■ Task directions: The pictures in the data below are to be omitted; all else must be duplicated exactly.

■ Data below:
───

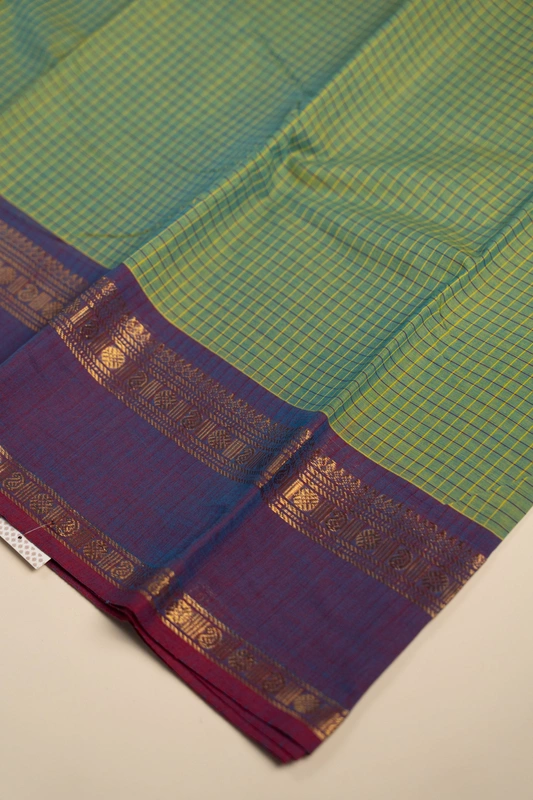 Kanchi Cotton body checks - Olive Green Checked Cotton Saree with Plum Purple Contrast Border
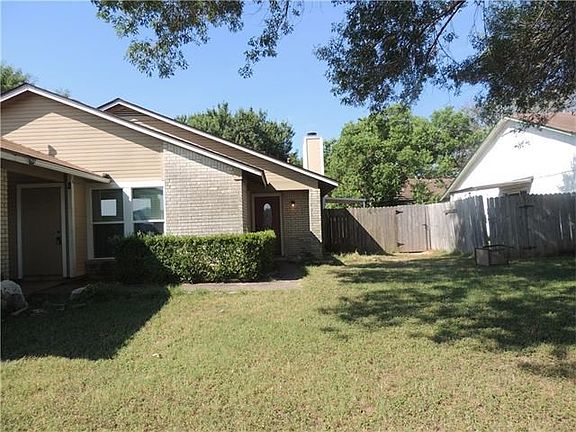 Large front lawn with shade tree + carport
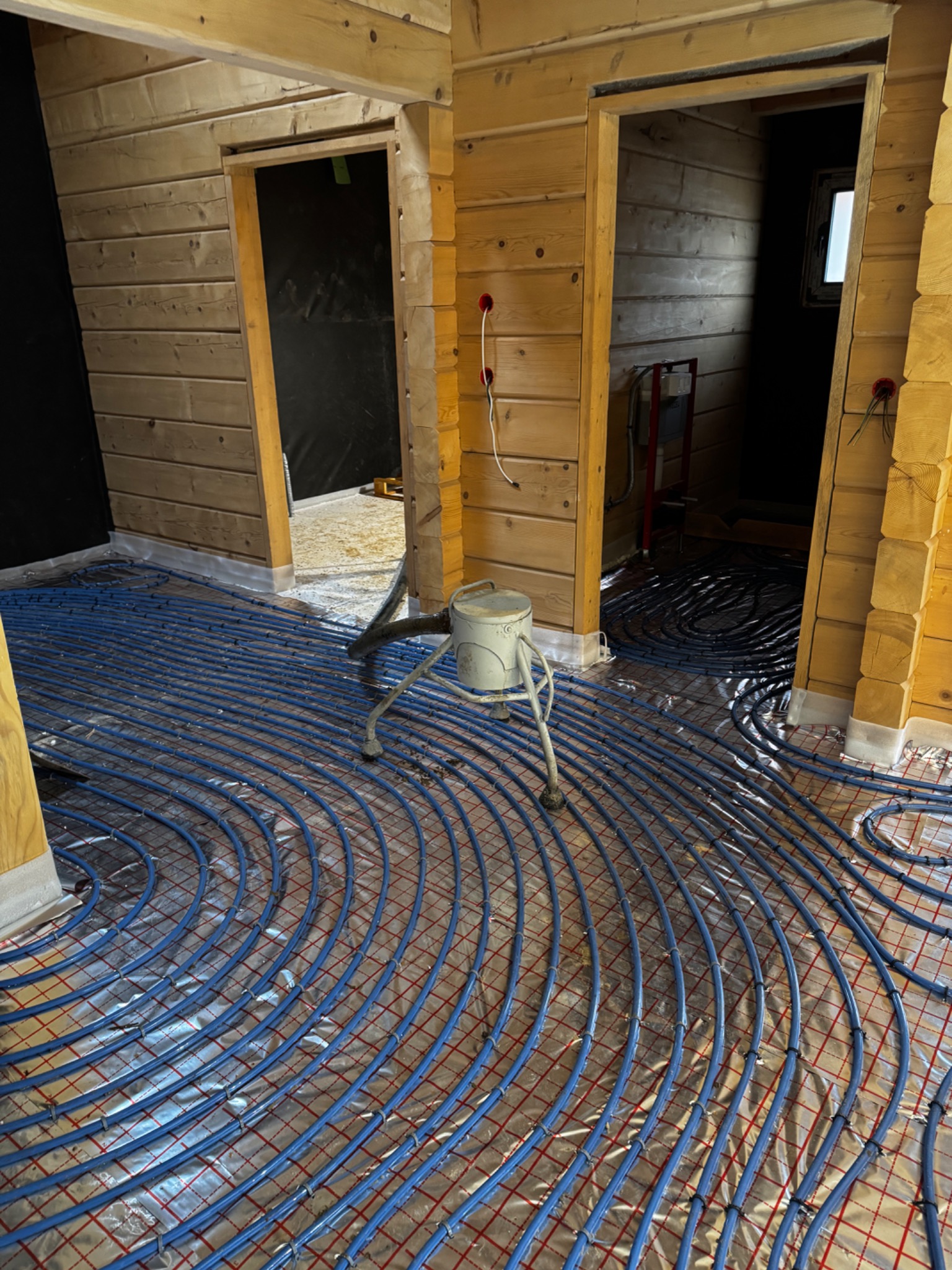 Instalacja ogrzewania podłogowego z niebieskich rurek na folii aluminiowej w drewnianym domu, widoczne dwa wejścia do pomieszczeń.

───

■ Solution:
 Kanchi Cotton body checks - Olive Green Checked Cotton Saree with Plum Purple Contrast Border
 Large front lawn with shade tree + carport
 Instalacja ogrzewania podłogowego z niebieskich rurek na folii aluminiowej w drewnianym domu, widoczne dwa wejścia do pomieszczeń.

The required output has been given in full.